WHAT THE TASK ASKS: Would you print, word for word, only the lines running from the line with "KUST Windshield Sun" to the last line of the entries, without the pictures?
——
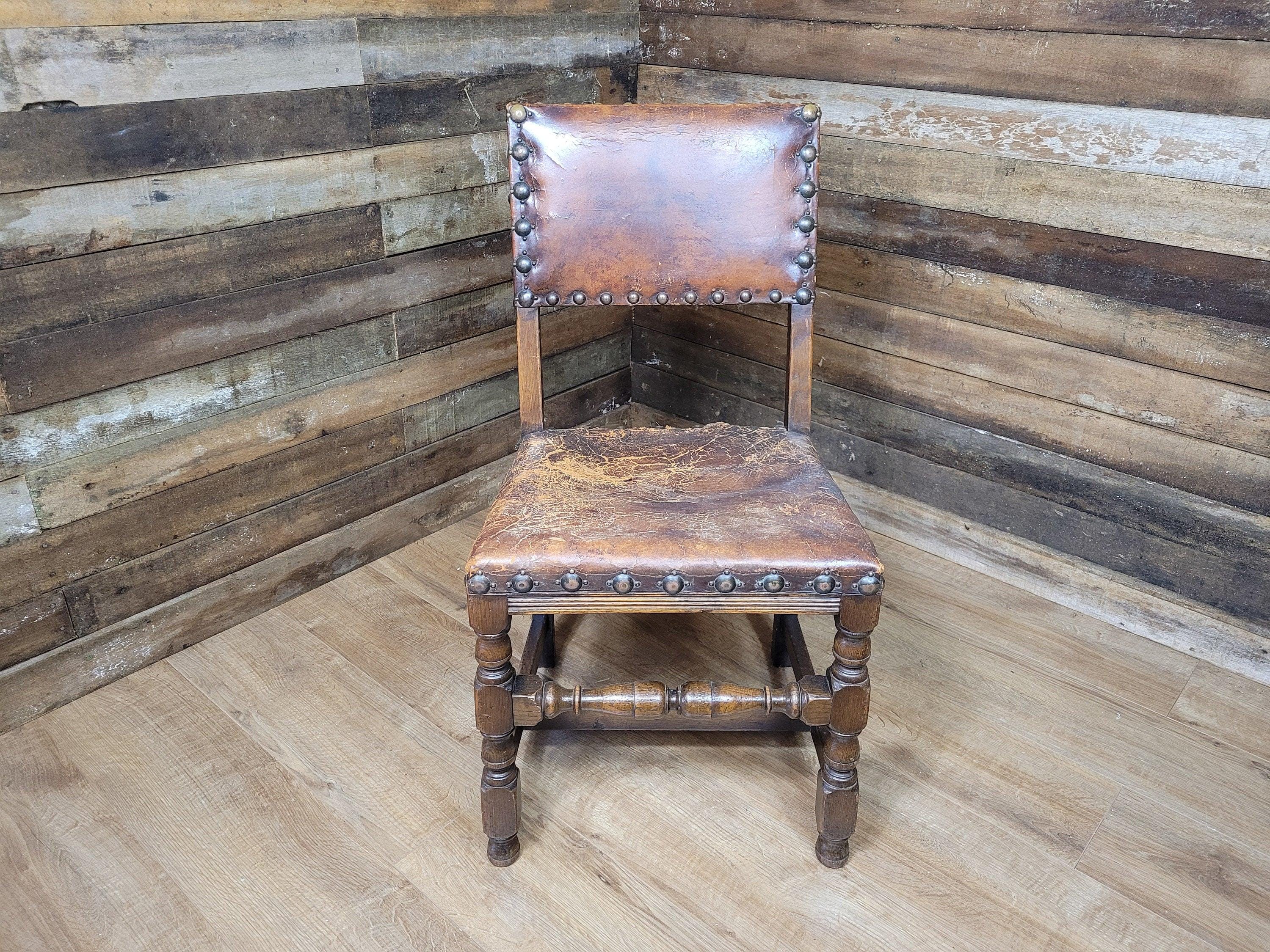 Vintage Elizabethan Style Oak Hall Or Bedroom Chair Distressed Tan Leather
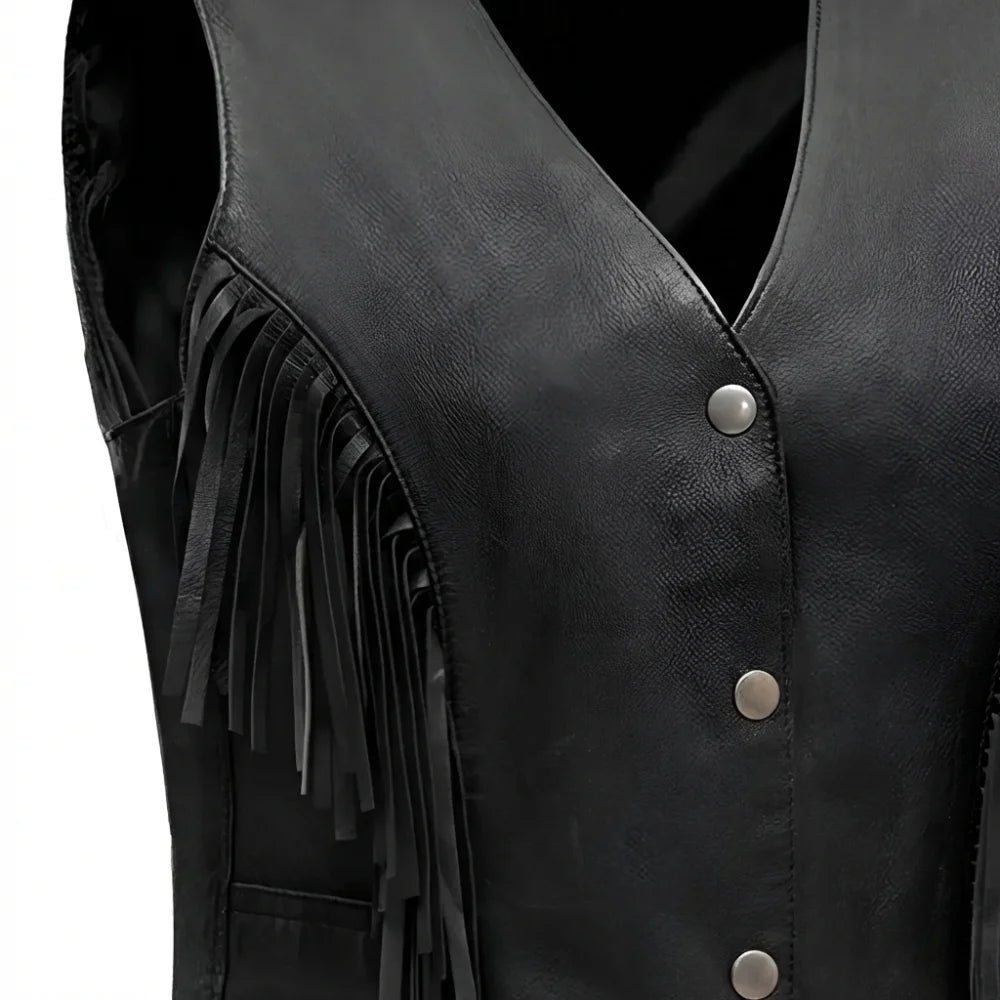 Black leather vest with fringes | LuxRyder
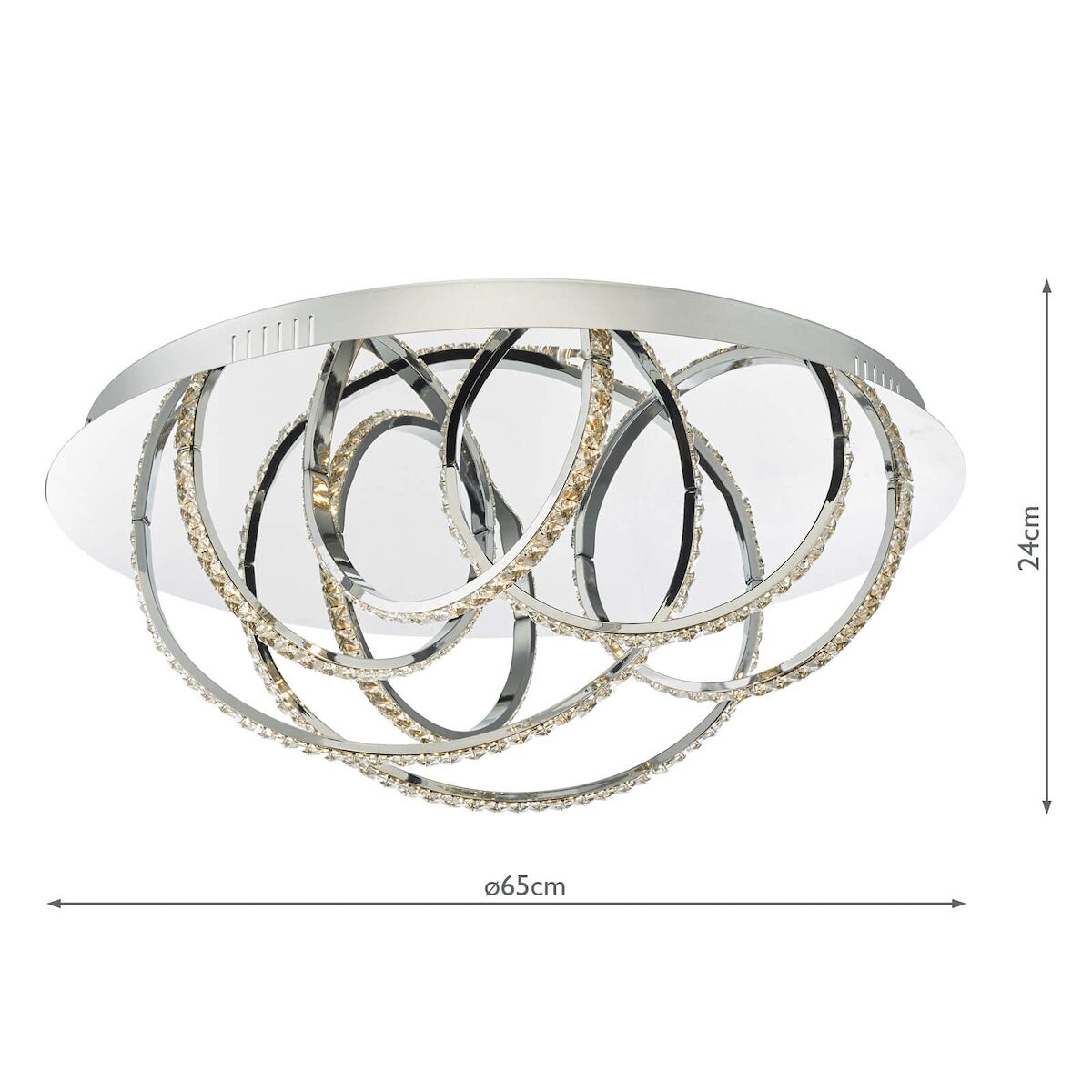 Zancara Large 7 Light Flush Polished Chrome Crystal LED<br>Polished Chrome - Image 6
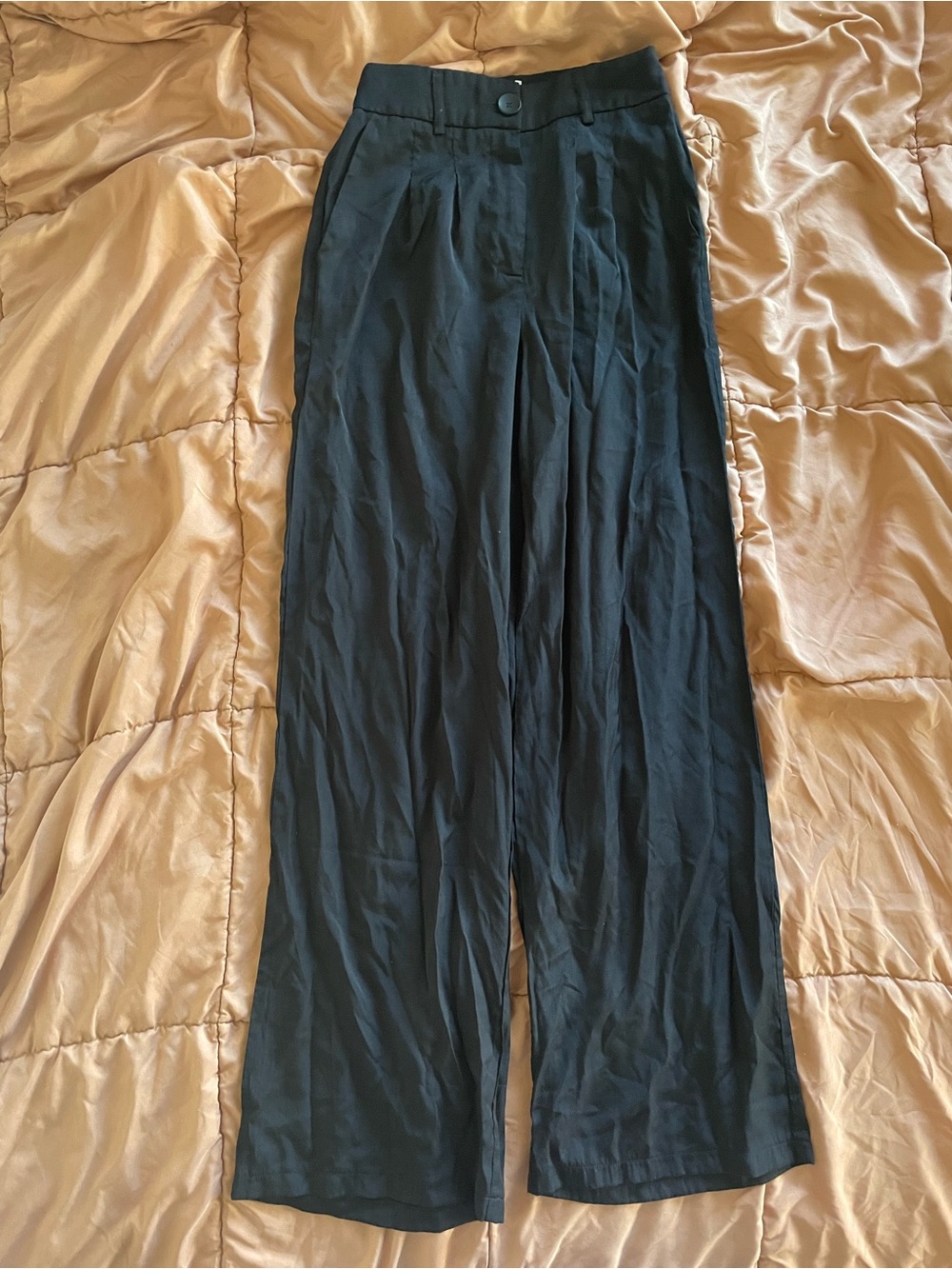 Princess Polly Black Wide Leg High Rise Trousers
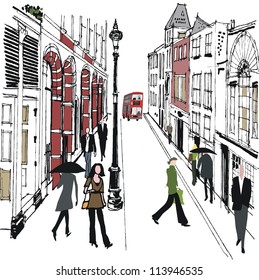 Vector illustration of pedestrians in old London street.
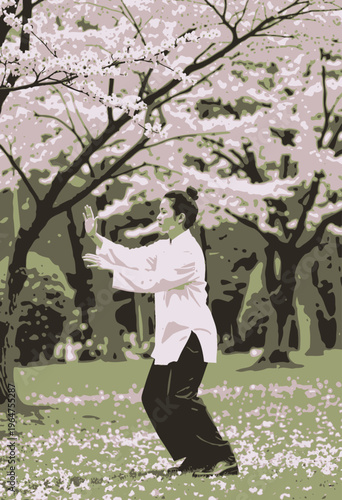 Serene Practice of Tai Chi Beneath Blooming Cherry Blossoms in a Peaceful Park Setting on a Clear Sunny Day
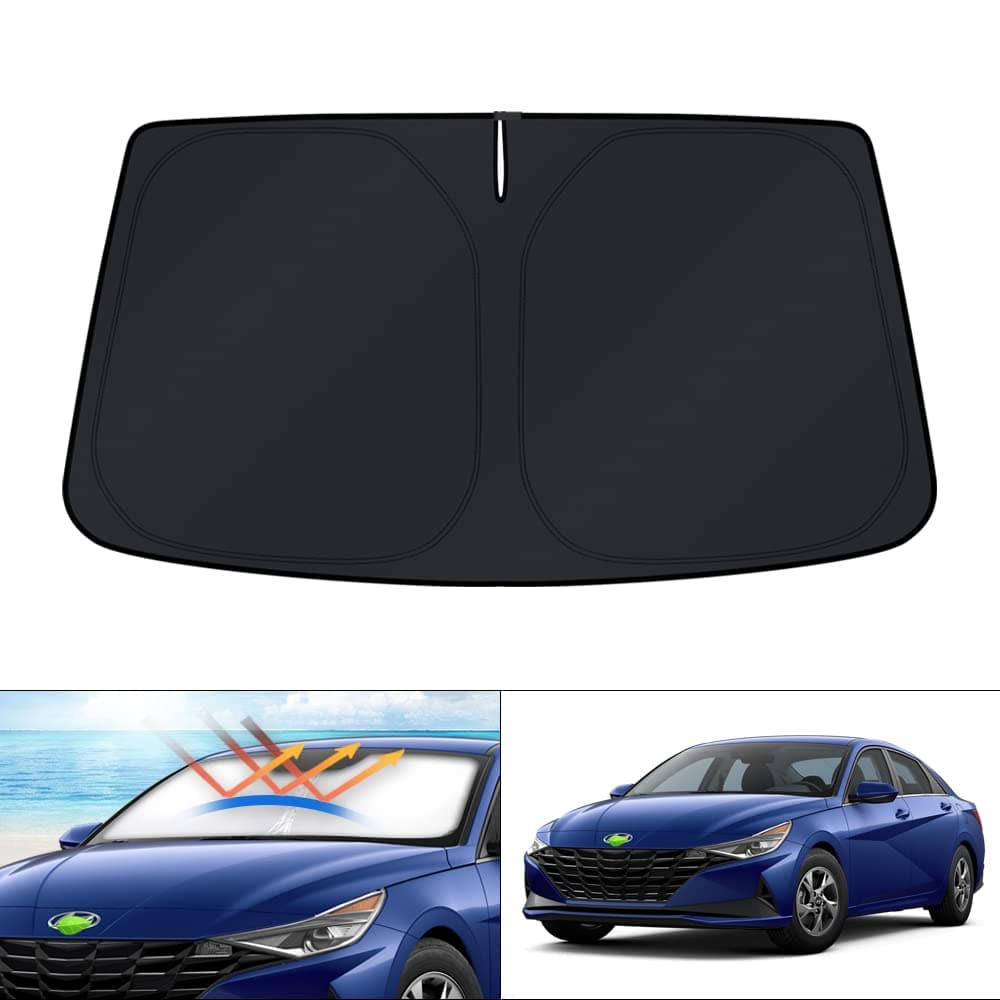 KUST Windshield Sun Shade for 20212024 2025 2026 Hyundai Elantra Accessories Sunshade Window Sun Visor Protector Foldable Blocks UV Rays Keep Your Car Cooler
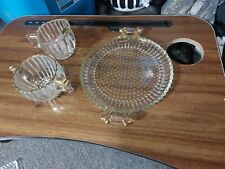 Vintage Jeannette Clear Bubble Glass Gold Edge Creamer & Sugar Bowl W/Tray 1940 picture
——
RESULT FOR THIS EXERCISE:
 KUST Windshield Sun Shade for 20212024 2025 2026 Hyundai Elantra Accessories Sunshade Window Sun Visor Protector Foldable Blocks UV Rays Keep Your Car Cooler
 Vintage Jeannette Clear Bubble Glass Gold Edge Creamer & Sugar Bowl W/Tray 1940 picture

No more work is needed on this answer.